Index sorting on low cardinality fields

Hey,

I have been playing around with index sorting and cannot make sense of my results. Basically I have a keyword field named is_existing that is either true or false as possible values, or may not be set at all. Basically every search has a is_existing: true filter.

My assumption here was that by using index sorting on this field, I would be able to speed up all those searches, because they are touching less than 40% of the data, meaning we could basically skip 60% of the data with every search.

What I am seeing however after reindexing the data with index sorting enabled is, that searches are actually slower than without index sorting (i.e. a 70ms search now takes 85ms).

I have already played around with the sort order and putting missing fields first/last and there does not seem to be a difference. This is on Elasticsearch 8.18.

What am I missing here that could cause this?

Thanks for any pointers.

–Alex

@spinscale that’s interesting. Can you share an example of the mapping and query that you are seeing this behavior on. I can probably take a look at it and give you some suggestions or dig into the code a bit at the very least to better explain what’s going on.

Hey John,

thanks for replying!

Unfortunately I cannot share a minimal example, because this runs against a big live production dataset and the query itself is pretty complex.

Fast variant:

No index sorting. is_existing is of type keyword and contains only true or false or nothing as possible values.

Slower variant: Same mapping as above, but index sorting is configured like this:

index": {
      "sort.field": "is_existing",
      "sort.order": "desc",
      "sort.missing" : "_last"
}

I also tested when changing the sort.order to asc with no difference. My base assumption here was that true should be stored before false and before missing, so that Lucene only has to scan the first part of a segment.

Hope that helps!

–Alex

In such a scenario I might consider putting the data into different indices depending on value of that field. If, as you state, the queries are almost always for a specific value.

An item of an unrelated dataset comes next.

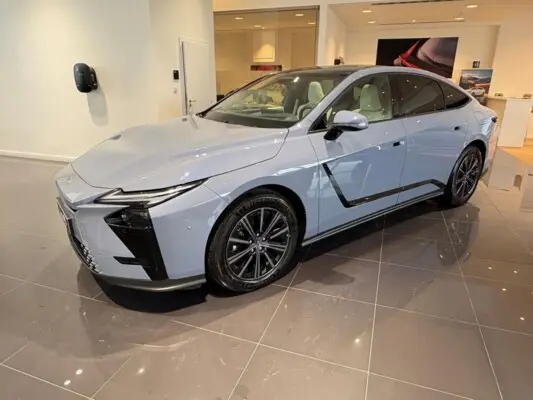 Toyota Lexus ES Prestige Top 4x4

I think your assumptions are good about how this would work.

Docs would agree as well: Index sorting settings | Reference

What I was hoping to get out of an example was to validate a couple of things. Sorting will only show a performance improvement when both the index and the query are sorted. It’s not a general purpose filtering mechanism.

So a modified example from the docs is something like this:

PUT events
{
  "settings": {
    "index": {
      "sort.field": "is_existing",
      "sort.order": "desc"
    }
  },
  "mappings": {
    "properties": {
      "timestamp": {
        "type": "keyword"
      }
    }
  }
}

AND

GET /events/_search
{
  "size": 10,
  "sort": [
    { "is_existing": "desc" }
  ],
  "track_total_hits": false
}

Are you setting up the search request appropriately? Note that track_total_hits set to false is necessary so we aren’t looking to count everything that matches outside of the first 10 in this example.

Also just because it pings in my head. Have you considered using a boolean field there instead of a keyword it wouldn’t surprise me if that’s much more efficient (but to be fair that’s a completely separate optimization).